Records shown
=== Section Start ===

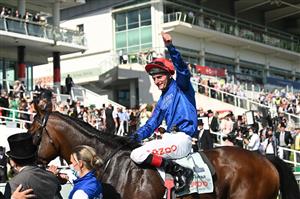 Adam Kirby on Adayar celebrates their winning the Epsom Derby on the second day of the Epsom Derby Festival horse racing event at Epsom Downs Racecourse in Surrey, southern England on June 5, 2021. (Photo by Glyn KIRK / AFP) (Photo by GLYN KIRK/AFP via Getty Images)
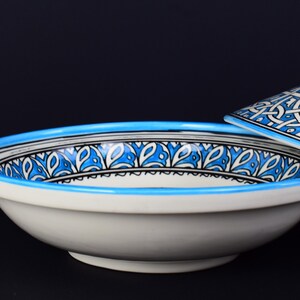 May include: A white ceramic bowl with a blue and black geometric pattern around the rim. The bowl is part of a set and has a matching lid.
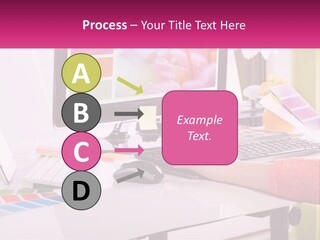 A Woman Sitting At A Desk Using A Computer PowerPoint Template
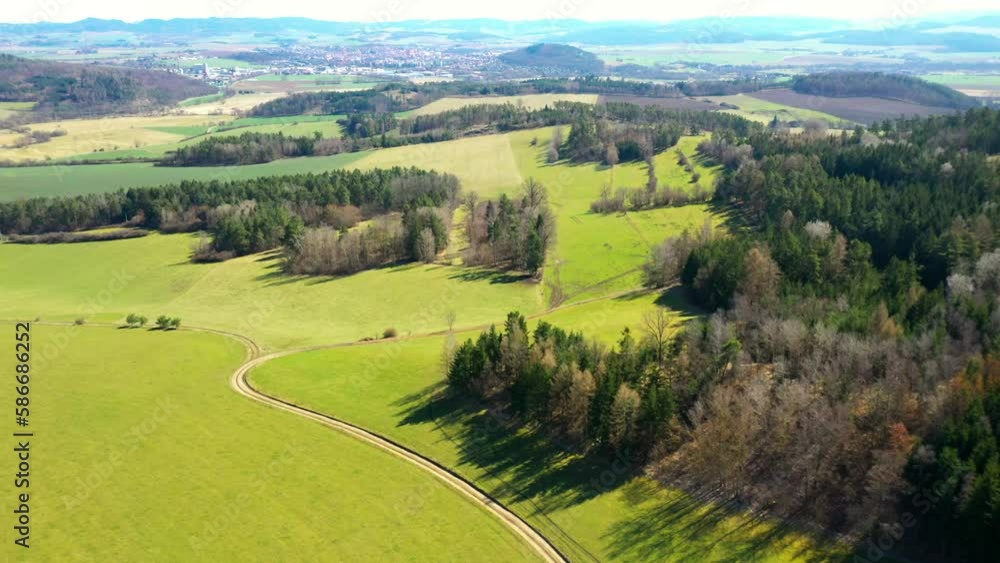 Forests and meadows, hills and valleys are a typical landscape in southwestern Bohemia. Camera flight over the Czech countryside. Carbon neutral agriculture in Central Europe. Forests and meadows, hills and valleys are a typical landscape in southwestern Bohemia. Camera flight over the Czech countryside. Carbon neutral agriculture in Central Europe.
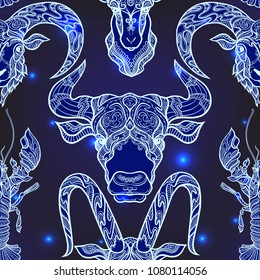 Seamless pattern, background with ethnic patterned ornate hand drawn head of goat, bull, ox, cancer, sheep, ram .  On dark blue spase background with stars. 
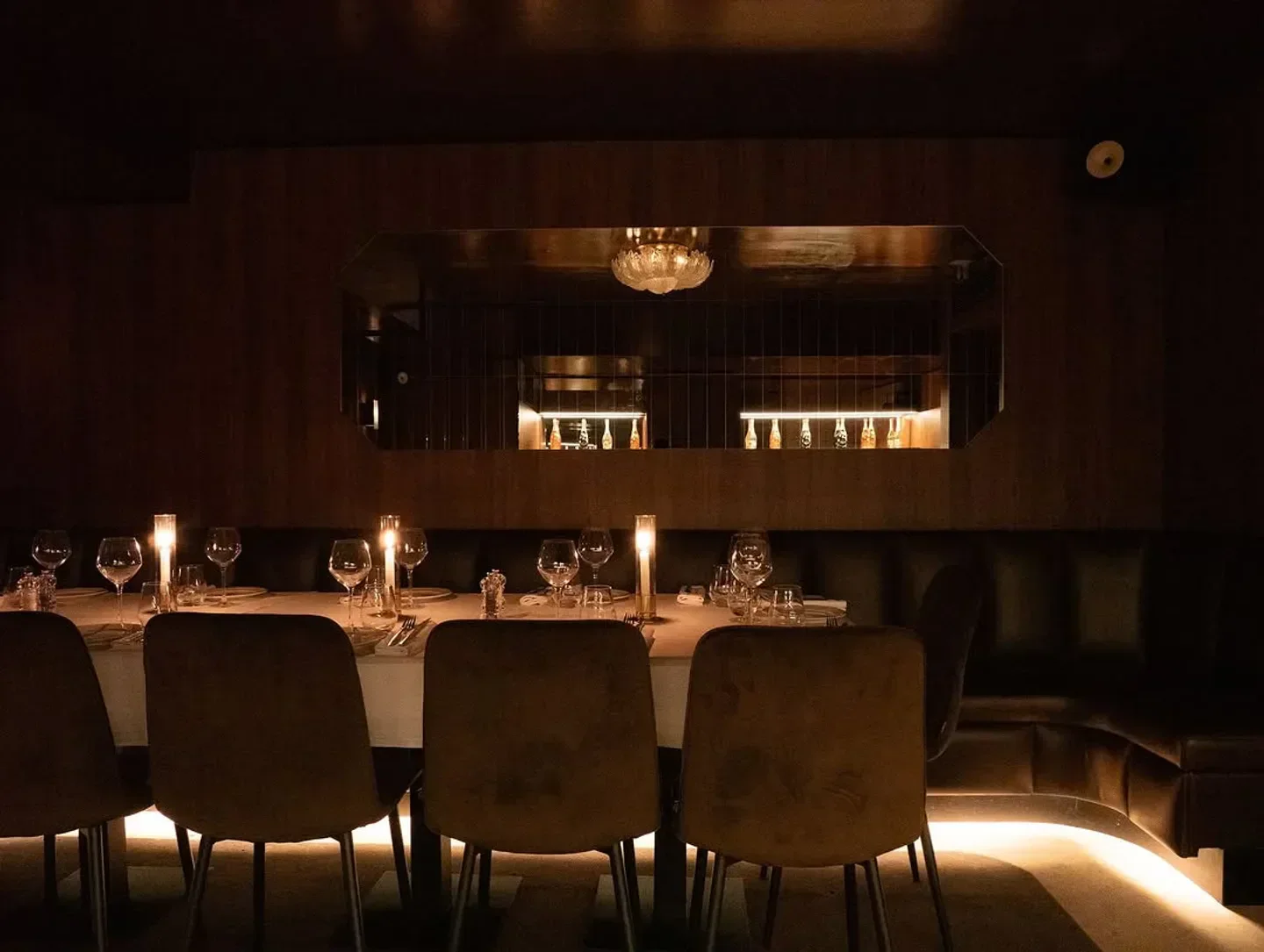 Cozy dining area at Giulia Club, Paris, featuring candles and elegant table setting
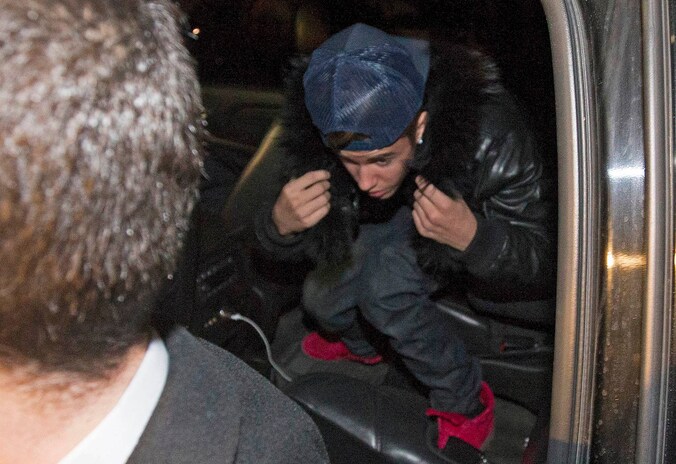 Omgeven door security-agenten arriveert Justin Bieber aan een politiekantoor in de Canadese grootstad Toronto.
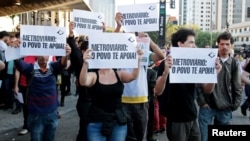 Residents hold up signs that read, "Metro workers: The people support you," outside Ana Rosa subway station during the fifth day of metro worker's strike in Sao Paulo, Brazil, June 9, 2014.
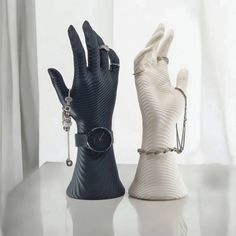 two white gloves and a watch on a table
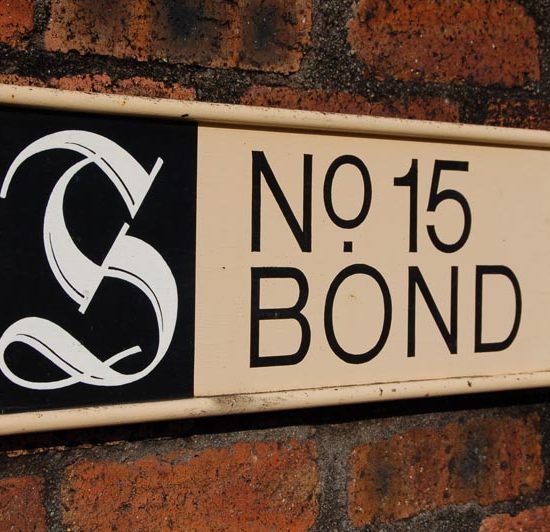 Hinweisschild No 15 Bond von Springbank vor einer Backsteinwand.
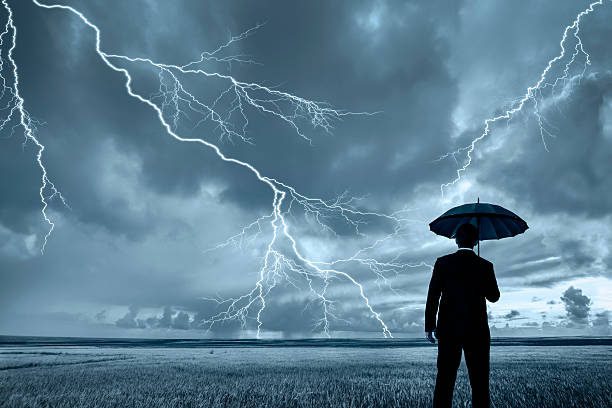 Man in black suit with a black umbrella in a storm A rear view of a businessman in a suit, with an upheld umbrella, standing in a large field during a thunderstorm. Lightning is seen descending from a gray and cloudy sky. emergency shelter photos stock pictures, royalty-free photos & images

=== Section End ===
=== Section Start ===

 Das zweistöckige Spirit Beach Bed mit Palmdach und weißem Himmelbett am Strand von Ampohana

=== Section End ===

Task objective
Write out, word for word, the stretch of entries that begins at the line with "Hinweisschild No 15" and ends at the line with "Man in black". Pictures do not belong in it.

Answer for the task
 Hinweisschild No 15 Bond von Springbank vor einer Backsteinwand.
 Man in black suit with a black umbrella in a storm A rear view of a businessman in a suit, with an upheld umbrella, standing in a large field during a thunderstorm. Lightning is seen descending from a gray and cloudy sky. emergency shelter photos stock pictures, royalty-free photos & images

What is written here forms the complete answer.